**About this exercise:** Exactly and only the lines from the first entry through the line with "For Rent: $1,875" should be copied, both ends included, with no pictures.

- - - - - - -

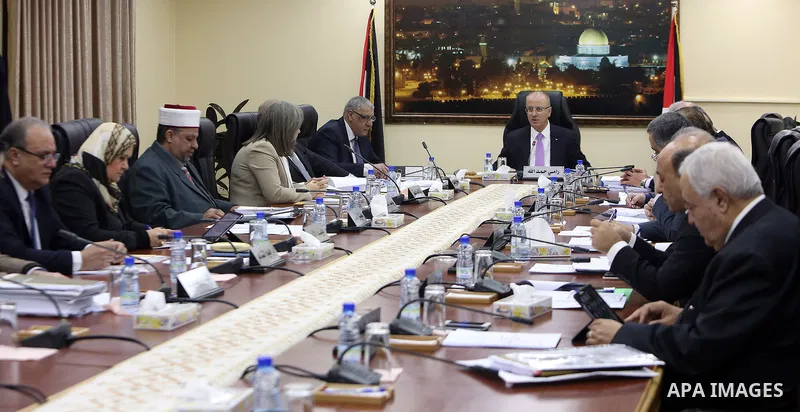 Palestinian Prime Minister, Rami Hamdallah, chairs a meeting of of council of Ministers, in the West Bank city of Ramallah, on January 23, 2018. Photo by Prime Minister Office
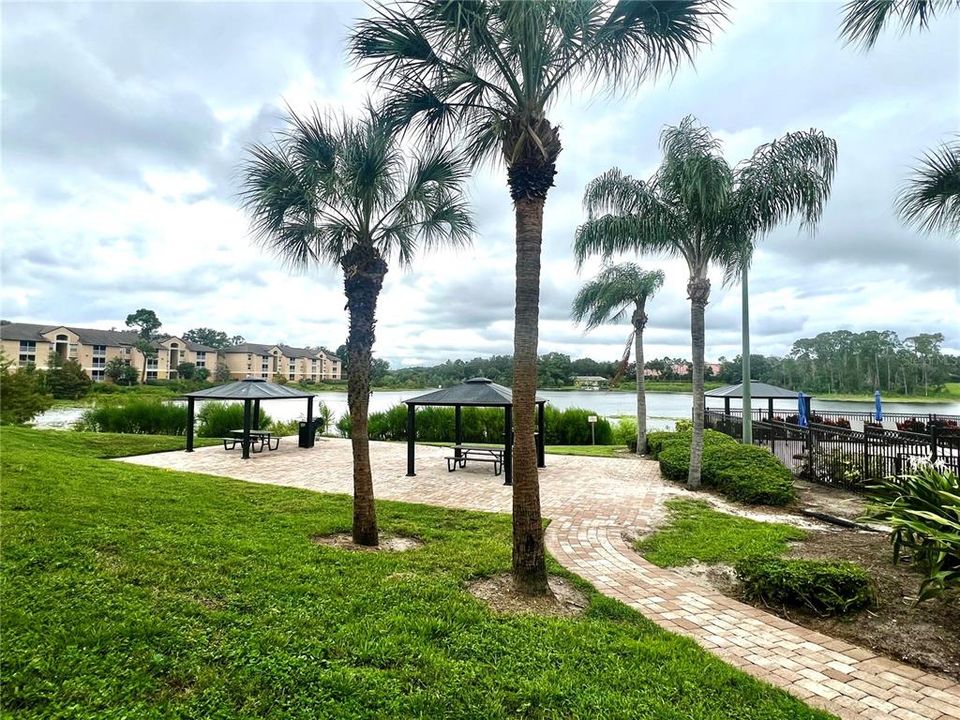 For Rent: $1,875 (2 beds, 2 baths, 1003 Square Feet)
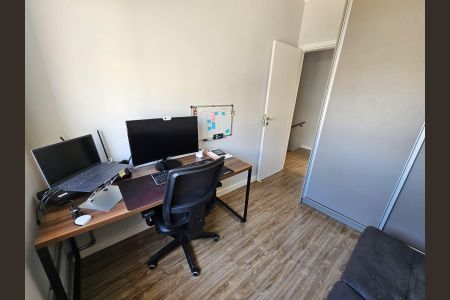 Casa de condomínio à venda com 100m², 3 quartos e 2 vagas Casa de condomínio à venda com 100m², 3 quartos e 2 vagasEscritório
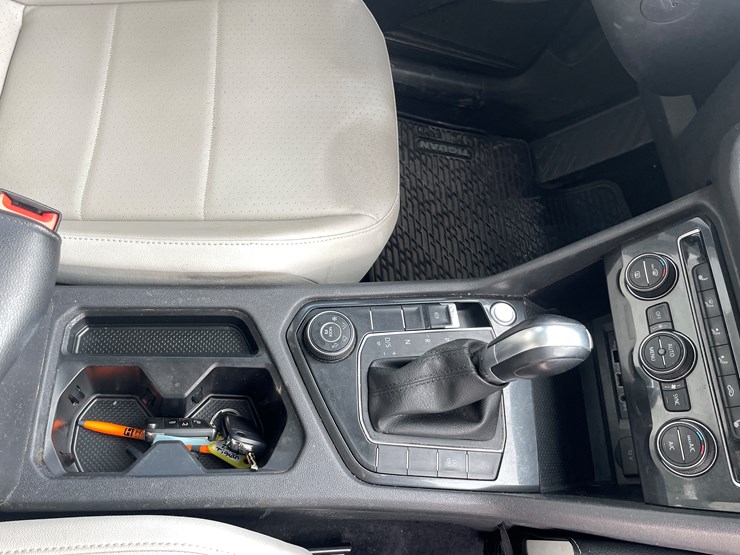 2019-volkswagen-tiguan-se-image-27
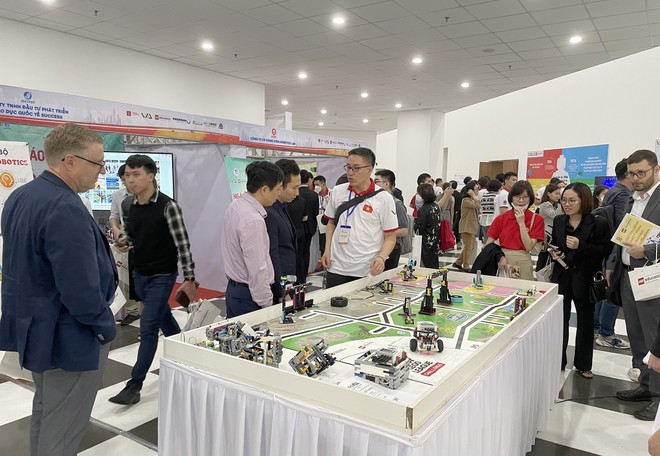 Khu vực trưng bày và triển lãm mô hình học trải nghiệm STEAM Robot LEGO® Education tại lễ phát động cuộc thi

- - - - - - -

**Written solution:**
 Palestinian Prime Minister, Rami Hamdallah, chairs a meeting of of council of Ministers, in the West Bank city of Ramallah, on January 23, 2018. Photo by Prime Minister Office
 For Rent: $1,875 (2 beds, 2 baths, 1003 Square Feet)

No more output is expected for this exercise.